Since I didn’t know or care about jewelry myself, Serissa needed to be very specific about the sort of ring she wanted. In this case, it was silver and onyx. One of the inlays chipped off a few months before the breakup, perhaps an evil omen.
“You don’t have to worry about anything like that with me,” Losang said, “I’ve got enough rings.”
“Yeah,” I said, “I don’t like weddings. They’re expensive, stressful, and tedious.”
“Yeah, no kidding.”
“Well, there was this one wedding I went to that wasn’t so bad,” I said, “Most of the guests left early, so we had the hall and a single DJ to ourselves. I got them to play Slayer’s ‘Raining Blood.’ It was unconventional anyway; one of my ex’s friends was getting married, and she wore a red wedding dress.”
“I’d wear jeans.”
I laughed. Then I reached into my backpack and pulled out a copy of The Bridge volume 4 and handed it Losang.

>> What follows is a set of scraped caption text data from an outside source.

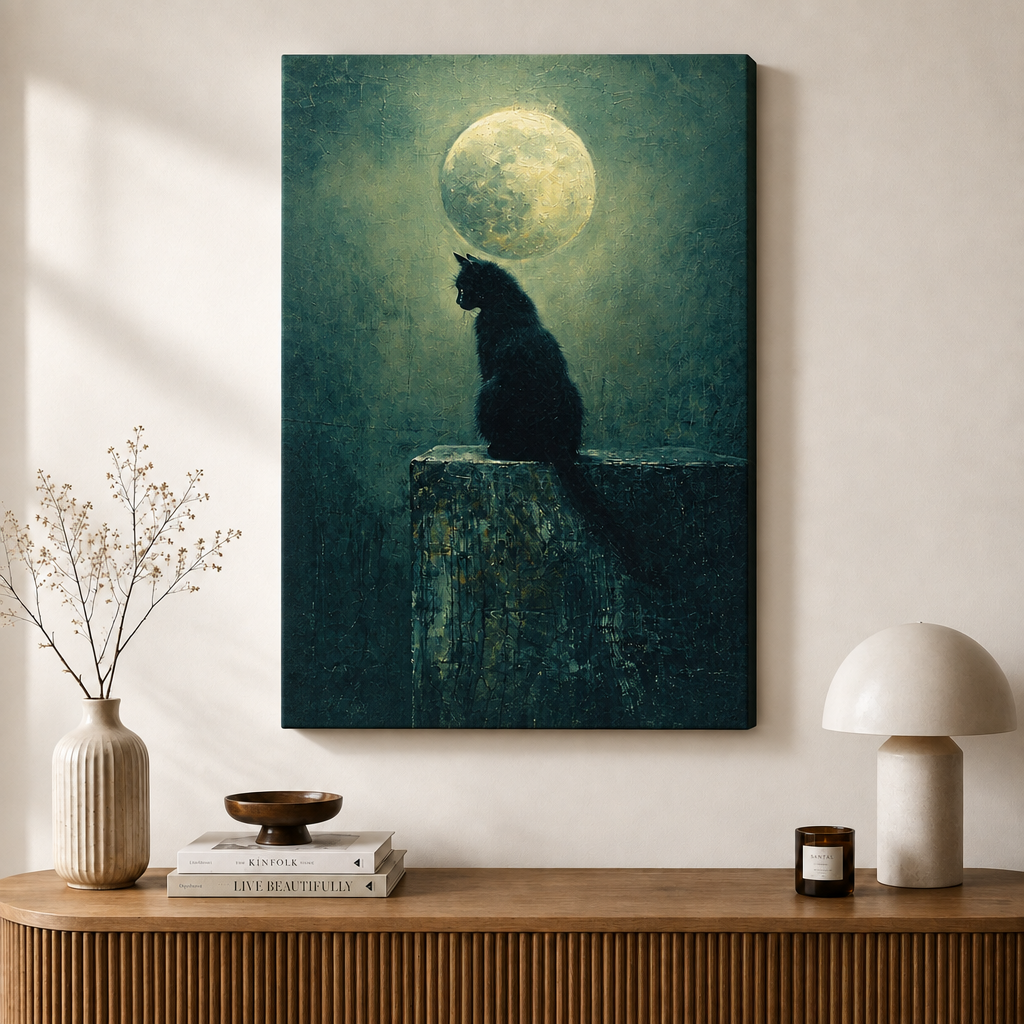 Gothic Black Cat Full Moon Canvas Art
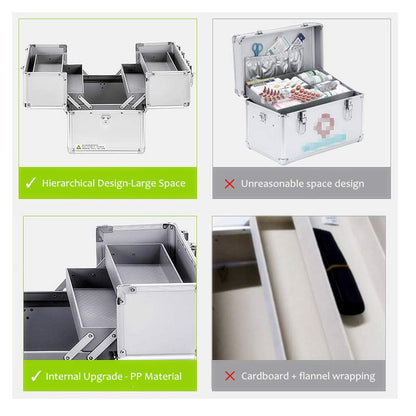 Nurth First Aid Kit Lockable First Aid Box Security Lock Medicine Storage Box with Portable Handle,Medication Lock Box 3 Tier Design/Precription Storage Box Large Space 14 × 9.8 × 11inch (Silver)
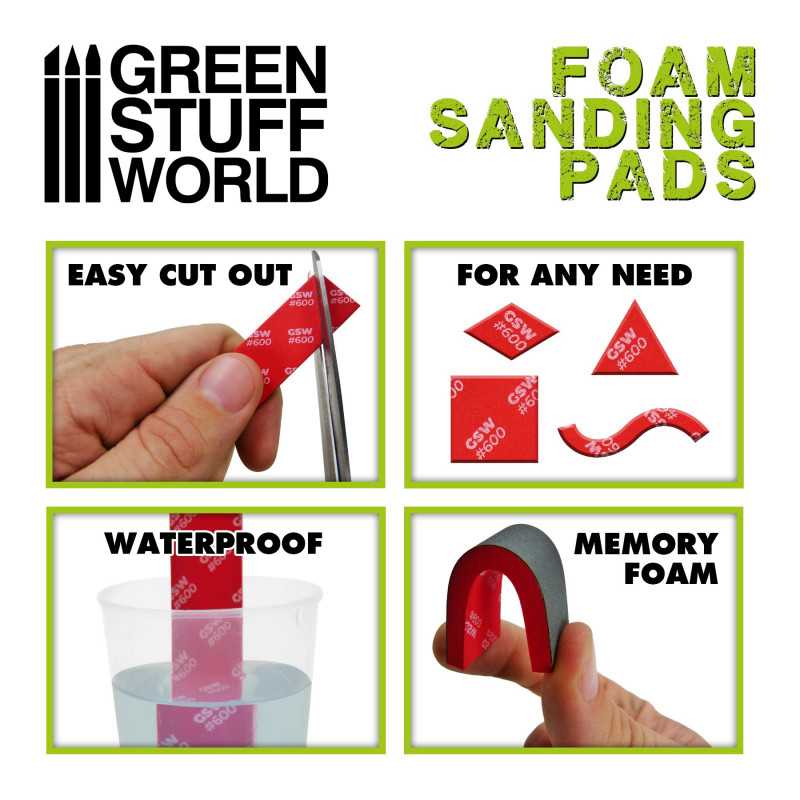 Green Stuff World Foam Sanding Pads - Fine Grit Assortment x20 - Image 3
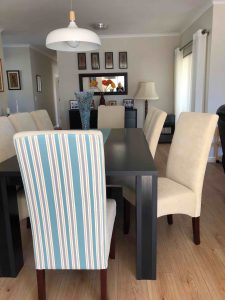 striped dining chairs - blue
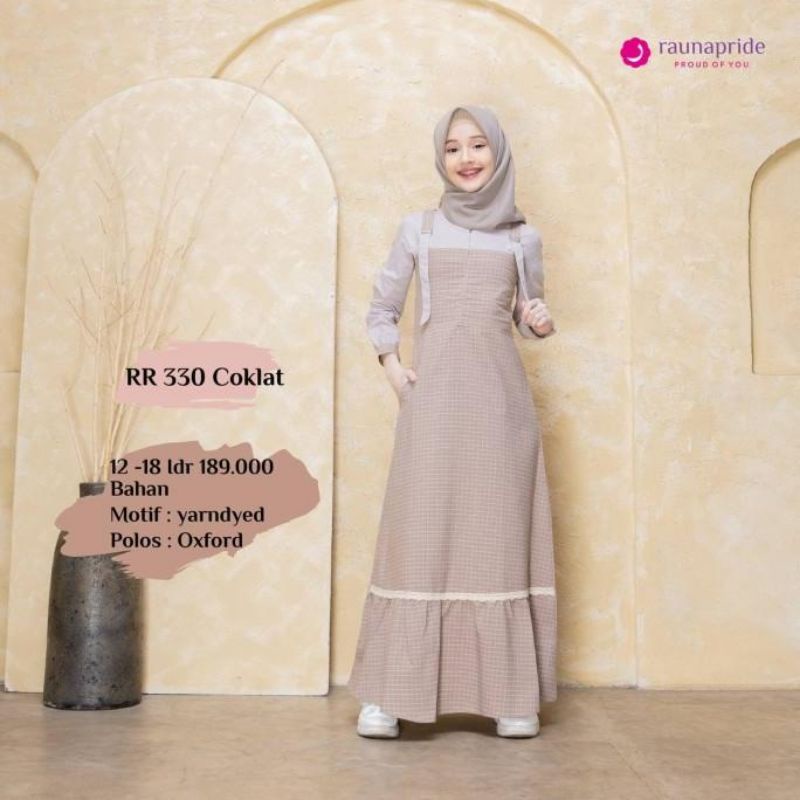 Gamis Rauna RR330 coklat/RR331 Navy/RR332 Merah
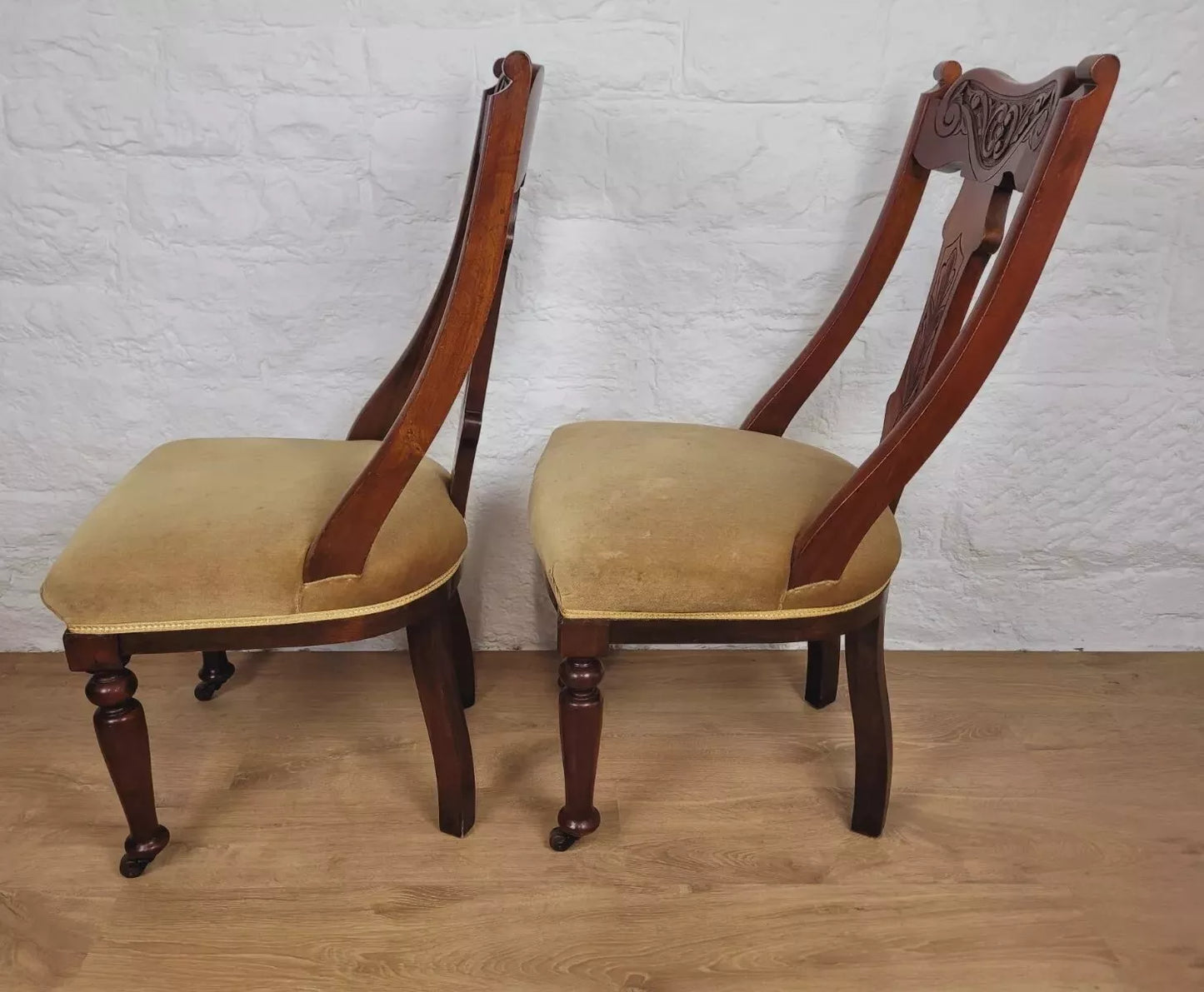 Victorian Dining Chairs Pair Carved Castor Sprung Seat English Postage Available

“This is the journal I said I was published in. My piece is up front, and I have another somewhere else. Be sure you read Tara’s memoir first, though. Well, everything in here is worth reading, but if you’re pressed for time . . .”
‘Great,” she said, placing the journal on her dresser, “So what was it you wanted to do, watch a movie?”
“Sure, if you want,” I said, “I brought El Topo.”
El Topo is one of my favorite films, but certainly not a movie for all tastes. It’s a cult acid western; a bizarre, powerful, surrealistic religious allegory of sorts, unique and utterly impossible to classify. It’s like a kaleidoscope of eastern and western religious images and exceedingly brutal violence. Come to think of it, I would say this movie is like Christianity and Buddhism having sex.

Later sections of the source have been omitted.